In Parliament last week the Finance Minister Bill English was derisive and ill-informed in response to Gareth Hughes’ questioning on New Zealand’s economic vulnerability to Peak Oil (16/3/11 Q12). English dismissed the Dunedin City Council’s “Peak Oil Vulnerability Analysis Report” on the basis of the title alone. But then, if all he read was the title, he misread it. English:
It is likely that it will not be particularly effective, judging from the title of it and the fact that a local council has very little opportunity to actually influence the Western World’s vulnerability due to its use of oil.

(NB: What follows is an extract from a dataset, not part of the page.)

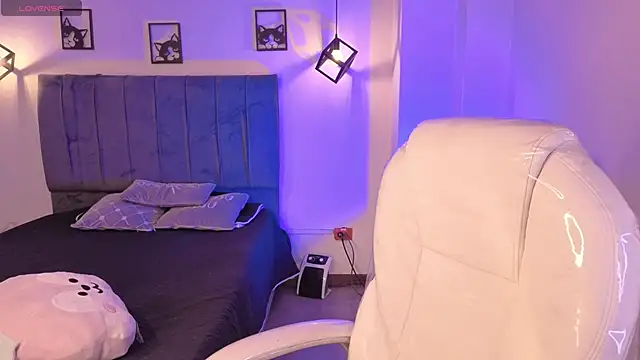 Snapshot of Catalinaa_martinez chatting on 10.30.25 Catalinaa martinez online show from 10.30.25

If the minister thinks “vulnerability” means “ability to stop it happening” then he is half right. Indeed a smallish city alone cannot prevent Peak Oil – but this though does not excuse anyone from acting to reduce energy consumption now. The world is made up of communities – if they were to all take English’s attitude of “we have little opportunity to actually influence” then nothing gets done at all.
So the Minister is half wrong in saying the DCC cannot prevent Peak Oil, but this is very different from an assessment of vulnerability – as the Minister would know if he had read the report. The Minister is completely wrong if he argues that a Council has no responsibility to look to the future and make decisions that best prepare for that future. The Council can and should take steps to address our sensitivity to there being less oil available – for example, how might we better structure our transport network to cope with a 50% reduction of fuel oil by 2050?
There is not going to be a singular event that definitively signals “peak oil is happening now”. Climate Change is the same. With gradual and insidious change (though with increasing occurrence of catastrophic events in both scenarios) decisions made now need to made in the context of the knowledge of those scenarios.
Unfortunately the Otago Daily Times is following English’s misguided lead. The ODT has now made the same mistake in calling the Peak Oil report and similarly the Dunedin Digital Strategy “luxuries” we can’t afford (Editorial 22/3/11). I applaud the DCC for having the vision to be developing strategies on which to base decisions that will stand the test of time. Cost-cutting without a vision for the future would result in only short-sighted decisions and knee-jerk reactions.
Denis Tegg
March 24, 2011
Samuel
agreed … well said ….and have been banging away on this and other related themes here
http://oilshockhorrorprobe.blogspot.com/
Ella Lawton
March 25, 2011
That conversation is so painful. As the price increases there will be less people diving private cars, decreasing conjestion which will provide space for buses. Thus, not needing more roads! And part of the ‘strategy’ is to ensure that the buses can keep running not to mention our precious economy that relies on transporting goods around NZ and across the world.
Bill English’s comments only confirm that he has no idea what it is like for a vast number of kiwis who don’t have the options either due to lack of infrastructure, cash or time to just change their lives at the rate that oil is going to increase in price! Unreal.
Thanks for putting this together Sam.
Susan
November 7, 2012
I have actually been invited overseas to talk about that report. And I’ve been asked by industry and government organizations in Europe if they could use the same analysis and tools. So – the ground-breaking work in Dunedin has actually been noticed and actually read beyond the title by decision-makers around the world. And as far as I know, they all took it pretty seriously. Glad my work and the responsible approach of the DCC could give a chuckle to Mr. English and his crew.